Newly released aerial photos of the World Trade Center terror attack capture the towers’ dramatic collapse, from just after the first fiery plane strike to the apocalyptic dust clouds that spread over lower Manhattan and its harbor.
The images were taken from a police helicopter — the only photographers allowed in the air space near the towers on Sept. 11, 2001. They were obtained by ABC News after it filed a Freedom of Information Act request last year with the National Institute of Standards and Technology, which investigated the collapse.
The chief curator of the planned Sept. 11 museum, which is compiling a digital archive of attack coverage, said the still images are “a phenomenal body of work” that show a new, wide-angle look at the towers’ collapse and the gray dust clouds that shrouded the city afterward.
The photos are “absolutely core to understanding the visual phenomena of what was happening,” said Jan Ramirez, chief curator at the National September 11 Memorial & Museum.
The images of the dust clouds rising as high as some downtown skyscrapers “are some of the most exceptional images in the world, I think, of this event,” Ramirez said.
ABC said the NIST gave the network 2,779 pictures on nine CDs, saying some of the photographs had never been released before.
The network posted 12 photos this week on its Web site, all taken by ex-NYPD Aviation Unit Detective Greg Semendinger, who was first in the air in a search for survivors on the rooftop. He said he and his pilot watched the second plane hit the south tower from the helicopter.
“We didn’t find one single person. It was surreal,” he told The Associated Press on Wednesday. “There was no sound. No sound whatsoever, but the noise of the radio and the helicopter. I just kept taking pictures.”

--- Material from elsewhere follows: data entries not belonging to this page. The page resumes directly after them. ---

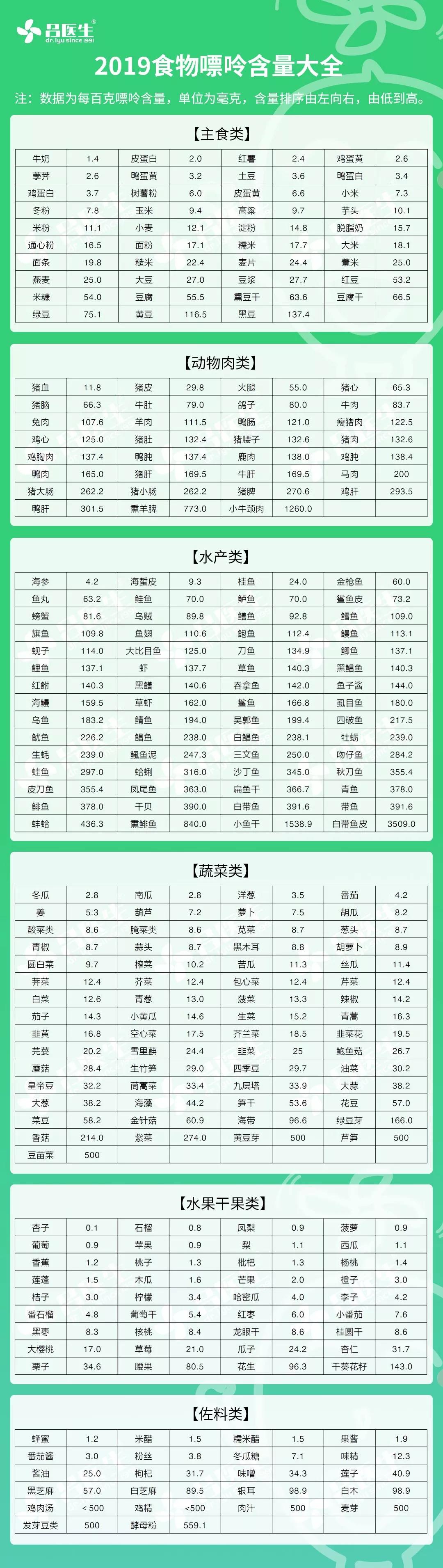 2019最新食物嘌呤表,会吃的人不用担心尿酸高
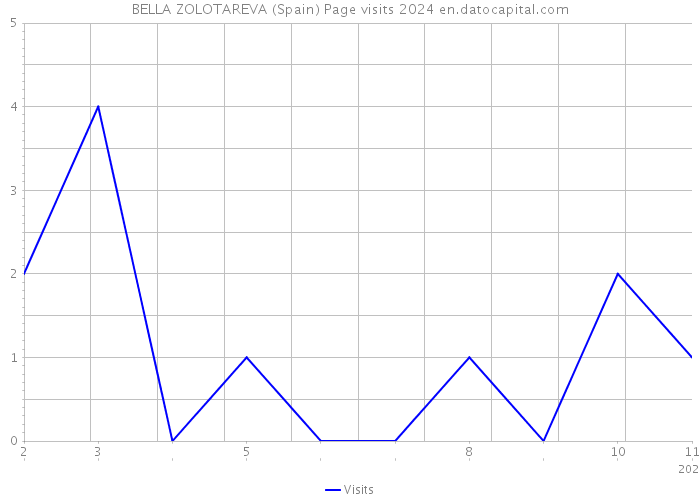 BELLA ZOLOTAREVA (Spain) Page visits 2024 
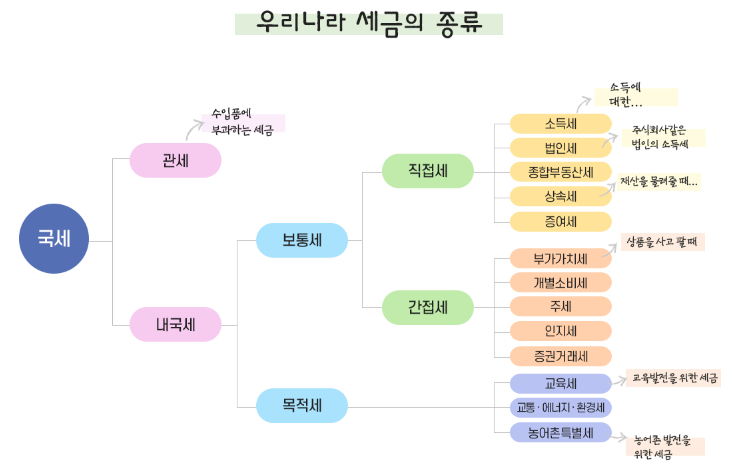 국세 지방세 완납증명서 인터넷발급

He took three rolls of film with his Minolta camera, plus 245 digital shots. Semendinger said he gave the digital images to the 9/11 Commission and believes those images were released by the NSIT. In the days after the attack, he e-mailed some of the photos to friends and several were posted on the Internet.

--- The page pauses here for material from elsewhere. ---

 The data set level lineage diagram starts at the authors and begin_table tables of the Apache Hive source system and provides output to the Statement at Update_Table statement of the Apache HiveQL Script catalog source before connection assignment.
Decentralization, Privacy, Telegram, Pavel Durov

Later, nine of the images were published in a book called “Above Hallowed Ground: A Photographic Record of Sept. 11″ without his consent. The book was a tribute to the officers who were killed that day.
The photos capture the enormous scope of the dust that enveloped the area.

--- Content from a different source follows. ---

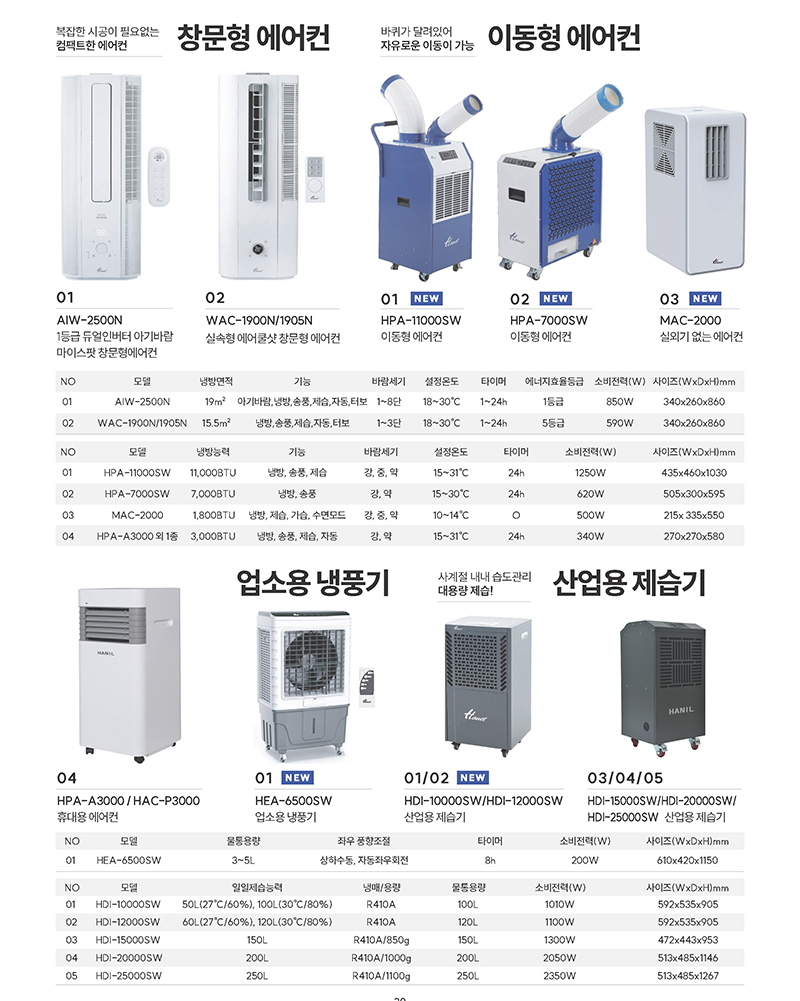 한일전기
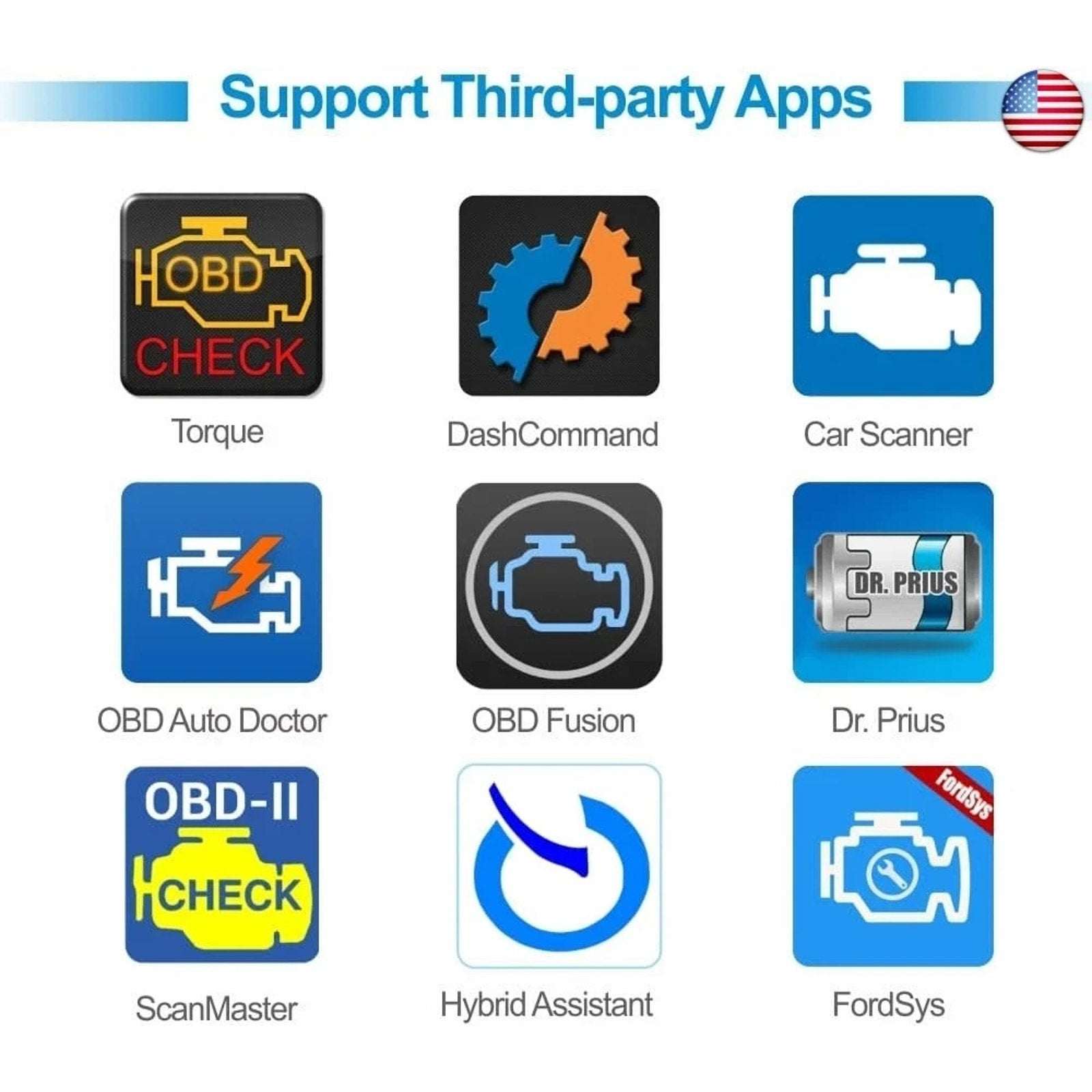 Panlong OBD2 Scanner Bluetooth iPhone iOS Android WindowsOBDII Car Diagnostic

In some images, the tops of the nearby Woolworth Building and other skyscrapers can be seen rising above the billowing dark plume against a clear blue sky. Buildings can hardly be seen at all in one image — just a burst of dust clouds hanging over the serene Hudson River at the southern tip of Manhattan.
A close-up image from earlier in the morning shows orange flames and black smoke rising past the antenna on top of the north tower, the first hit by a hijacked plane.
Ramirez said the museum, which is slated to open in 2012, saw a selection of the photos at police headquarters several years ago.
They are extremely important because the NYPD aviation unit had the clearance to be up in the air in lower Manhattan only “moments after the first tower was hit,” and stayed in the area for the remainder of the day, she said.
Sometime after 10 a.m., she said they were able to “predict that the north tower was going to fall.” It did just before 10:30 a.m.
The museum hopes to get a complete set of the photos.
“We’ve had our sights set on this body of visual evidence for several years,” Ramirez said.
Semendinger retired from the NYPD in 2002 after 35 years, 20 of them in aviation. He said he has thought about publishing his work from those days.
“I almost didn’t realize what I was seeing that day,” he said. “Looking at it now it’s amazing I took those pictures. The images are … stunning.”